Last week I took part in a taster session to see the company and courses from a potential learner’s point of view.

First up was an hour with Ian Ward who teaches CAD courses.
CAD (Computer Aided Design) is used by a lot of people in the engineering industry and architects use it too.

We got shown the basics of the program within the first ten minutes and were then left to decide what image we would like to recreate from 4 images that have already been done.
Once left to our own doing, it became quite apparent that most in the session were quick learners and very computer literate. A few people had previously had a taste of CAD at school but said that participating in the session here was a lot different to school and they really enjoyed the hour spent on the computer. Ian also explained that there are always new versions coming up every so often and the learner’s who start in September 2010 will have the latest version to work on and it is more complex.

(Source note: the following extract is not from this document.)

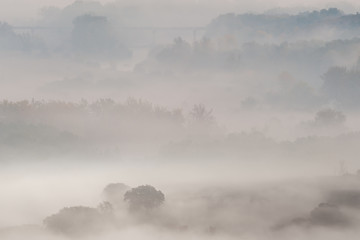 Autumn landscape with fog in valley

Then we went from the computer room through to the workshop and were introduced to Richard Barrett who was taking the Electronics course taster session. We were given a brief talk on the importance of safety and cleanliness when using the equipment we will be using. We were shown a computer motherboard and Richard explained to us that machines solder different pieces onto the motherboard, however when a piece becomes loose or needs replacing, an engineer will actually be soldering it back on, not a machine. 

Once given our task and overalls and safety glasses, we went to the workbench and got familiar with the soldering iron.

 The task was broken down and first we were given a small board, four pins and told to put one pin in each corner of the board. Once the pins were securely in place, we then had to solder two resisters to a small board (it didn’t matter where on the board as long as it was secure.)

First we selected where on the board the resister will be put, and tried to make the wiring on each side as even as possible. Once the resister was in place, we then soldered the two wires in place on the opposite side of the board. Making sure the resister didn’t come loose whilst trying to solder it on was a bit tricky but we all managed it in the end.  We then attached two wires onto the board by first stripping 1cm of insulation off the wire and securing it against one of the 4 pins that we put in previously.   
Once we had all finished the last step, we admired our handiwork and set about clearing up. I do have pictures of the finished product and will upload them when I can =)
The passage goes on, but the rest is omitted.